Going back to Chicago to work for a year is what Alyce Horowitz plans to do after college.
Like many graduating seniors this year, the Illinois native said she is moving back home because she doesn’t have any money. Horowitz, who is graduating in May from the University of Maryland, College Park, also hopes to figure out her post-graduation options.
One option would be to get a job in the mental services field and see if that would be a good career choice. Her other option would be to start applying to graduate school, she said.
“I feel like it’s going to be a really different transition…going into the world and figuring life out is kind of challenging, so I’m kind of scared,” she said.
However, colleges have recently created more programs to help make entering the “real world” a little easier.
Many universities in the Washington area have been holding events and classes to help graduating seniors transition smoothly.

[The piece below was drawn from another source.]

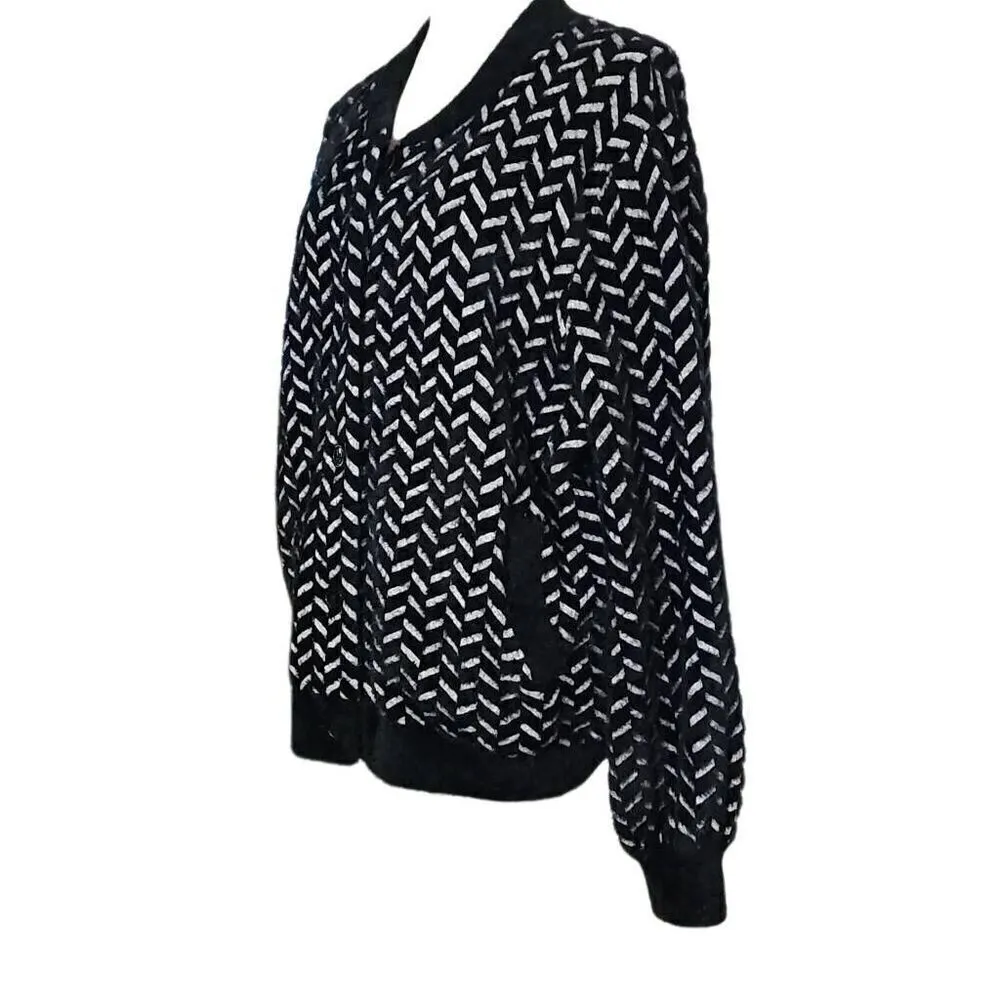 Liverpool Los Angeles Cardigan Button front Sweater Jacket Soft, Size XL NWOT. Black - Image 5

Nicole DeLoatch, an academic advisor at the University of Maryland’s College of Behavioral and Social Sciences, teaches the course “Major Transitions: From Undergraduate to Professional” for sociology majors. The course, which has been around for about 10 years and is taught in all of the college’s departments, is really good for students, she said.

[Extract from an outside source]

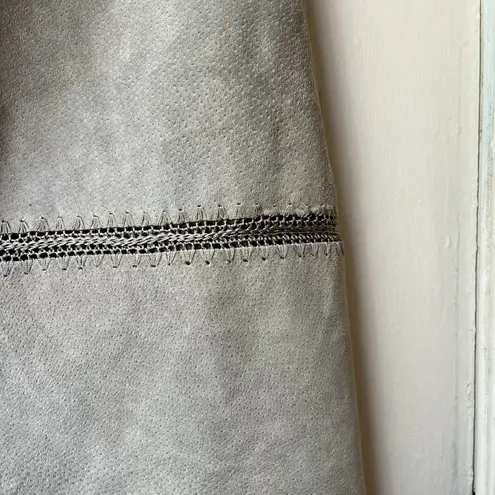 St. Tropez Vintage Saint Tropez Suede Leather Skirt sz M Green Patchwork Boho Western Suede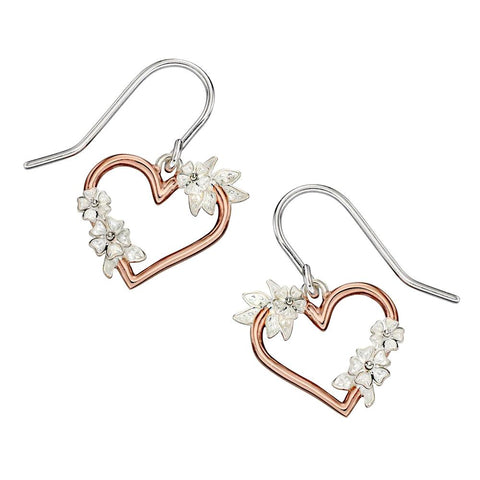 Heart and Flowers Earrings from the Earrings collection at Argenteus Jewellery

In the course, students learn about finances, how to write resumes and cover letters, and they have to go on informational interviews in an industry they would like to work in, she said.
She also teaches students about good credit and has the students pull their credit reports to help them understand what they mean, she said.
UMD, like many other colleges and universities, also has a career center and alumni organizations to assist students with the next phase in their lives.
One part of adulthood that Candace Dawson wished she had known about in undergrad is how to handle finance charges and interest rates.
A graduate student at The George Washington University’s School of Public Policy and Public Administration, Dawson said she’s about $40,000 in debt from student loans. It would have been $70,000 with graduate school if she hadn’t found a job on campus, she said. She also has a large car loan and recently paid $6,000 to clear most of her five credit cards.
“I will be paying these for the rest of my life,” Dawson said. “I took out all these credit cards to pay for school expenses. They were really easy to get because they were always shoved in your face when you’re in undergrad.:
One school that has given more of a focus to the financial transition that graduates face is Georgetown University.
Georgetown offers financial literacy workshops that covered topics such as credit cards, repaying loans and savings. This year’s workshop series came in response to a high interest from the students.
Last year was the series’ first year and “questions kept coming all night long,” said
William Godwin, a senior sociology major at Georgetown who helped organize the series.
At The George Washington University, students can turn to places such as the Student Activities Center, Career Center and the Alumni House for guidance.
Throughout the year, various campus committees hold events such as Grad Week that help students understand the worlds of healthcare benefits, savings, buying a home and more.
The Student Activities Center’s Web site has a post-graduation guide called “I Will Survive.” The guide, which originally started out as a workshop, covers topics from finding a career to buying a car.
Grace Henry, assistant director of the center and organizer of the “I Will Survive” series, noticed that as students become more and more technologically dependent, they don’t come to the events, she said. That’s why she put the series online.
Although the resources are out there, many seniors find themselves looking for time to attend the events.
“I have been to the career center…but I haven’t really talked to anyone about [other post-graduation issues] because this last semester has been busy,” Horowitz said. “I just say that I’ll deal with it as it comes…I’m trying to hold on to what’s happening now.”